Tag Archives: supremacist

TN Home to White Supremacist Presidential Ticket

Virginia Abernathy, an 80-year-old retired Vanderbilt professor, is the focus of a Tennessean story on her role as “an emerging leader of the white supremacist movement.”
Abernethy appears on the Tennessee ballot as running mate to Gatlinburg-area filmmaker Merlin Miller, who is running for president of the United States. They are listed as independent candidates on the Tennesee ballot, but represent the American Third Position Party, or A3P..
The whites-only polit­i­cal party was formed “to rep­re­sent the inter­ests of White Amer­i­cans,” according to its website.

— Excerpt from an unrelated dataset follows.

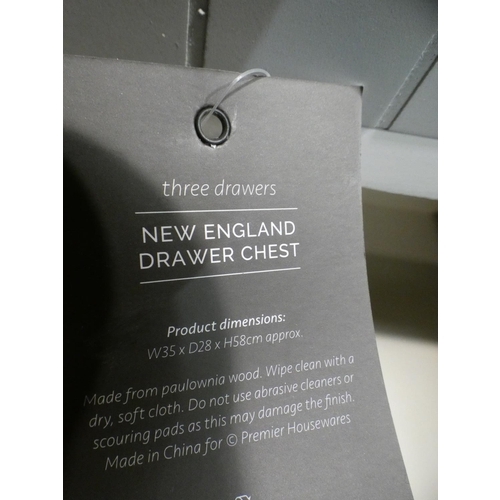 3185 - A white/multi-coloured drawer painted three drawer chest * This lot is subject to VAT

It has run a handful of candidates for offices as varied as the Mesa, Ariz., City Council and the New Hampshire governor’s office. Republicans in New Hampshire called A3P the party of “despicable racists.”
Abernethy calls all the attention misguided but amusing.
“I think it’s hilarious,” said Abernethy, speaking from the corner office on the Vanderbilt campus that is hers for life as a professor emerita of anthropology and psychiatry. “I’m 104 pounds exactly. I’m punching above my weight, to hear the SPLC tell it.”
She politely would like to set the record straight.
She is not a white supremacist, Abernethy said.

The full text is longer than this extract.